It is contended by the appellant that the order made at the March term, 1915, of the circuit court was without atrthority of law and void because he had no notice of the motion and no opportunity to be heard. After a judgment a court has no jurisdiction over files of the cause alleged to have been lost except upon notice to interested parties and upon satisfactory evidence that the original files have been lost and that the files supplied are substantial copies of the originals. In such a case an order substituting a copy without notice to parties adversely interested is a nullity and binding on no one. (Harris v. Lester, 80 Ill. 307; Blake v. Miller, 118 id. 500.) In the progress of a case, and before judgment, if a paper is lost a copy can be substituted only on proof of the loss and that the substituted paper is a substantial copy. A want of such proof would constitute error which might be prejudicial, but where an appeal is perfected in the lower court the parties must follow the appeal without further notice and are in the court to which the appeal is taken without service of process. Where an appeal is so taken a party is bound to take notice of the appeal and follow the case and is in the court for all purposes. In the absence of some rule of court requiring notice of a motion, notice is not required, and it does not appear that there was any rule of the circuit court of Clark county requiring any notice. No bill of exceptions was taken to show that there was no evidence of -the loss of the original will, so that the action of the court on the motion cannot be reviewed. At the July term, 1915, when the motion was made for an order showing that the files had been restored by filing copies, the attorney for the appellant was examined, and it was proved that the original will was lost while in his possession and without his fault and that one of the copies was made by his stenographer and was a true copy. The other two copies were certified by the clerk of the county court, and there was no error in the order reciting that the files had been restored.
The appellant objected to a hearing on the ground that the proceeding was to establish a lost or destroyed will while the jurisdiction for that purpose is in the county court. (Beatty v. Clegg, 214 Ill. 34; Mather v. Minard, 260 id. 175.) But this was not a proceeding of that kind. The will was in existence when the county court acquired jurisdiction to determine whether it should be admitted to probate, and after the appeal it was filed in the circuit court, which acquired jurisdiction by the. filing of the transcript to determine whether that instrument was the last will and testament of Mahaly Rardin. The circuit court having acquired jurisdiction to admit the instrument to probate, the jurisdiction was not thereafter lost by the act of a burglar breaking ino the attorney’s office and taking the will. The restoration of the paper, the existence of which had been established in the county court, was all that was necessary to enable the circuit court to proceed.

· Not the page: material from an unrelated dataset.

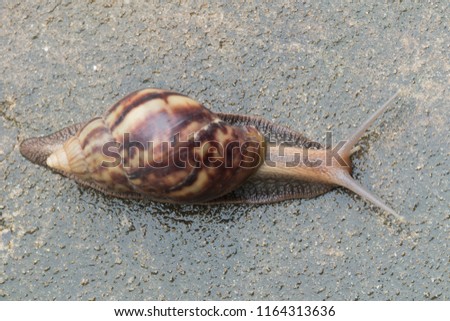 snail moving on a rock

The evidence above recited. fulfilled all the conditions of the law and was sufficient to' admit the will to probate. Thompson v. Owen, 174 Ill. 229; Gould v. Theological Seminary, 189 id. 282; Mead v. Presbyterian Church, 229 id. 526; Thompson v. Karme, 268 id. 168.
The appellant objects to the judgment because the appeal bond ran to the estate of Mahaly Rardin, deceased, when it should have run to the opposite party. It should have been made to the adverse party, (Schofield v. Thomas, 231 Ill. 114,) but the record does not show any objection to the bond or motion to dismiss for an insufficient bond, and it is too late to make the objection now.
It is also urged against the judgment that there was no proof of the death of Mahaly Rardin. There was sufhcient evidence of her death in the testimony of various witnesses that they had been acquainted'with “Mahaly 'Rardin, deceased.” She was spoken of by the witnesses as “Mahaly Rardin, deceased.”
The judgment is affirmed.
Judgment affirmed.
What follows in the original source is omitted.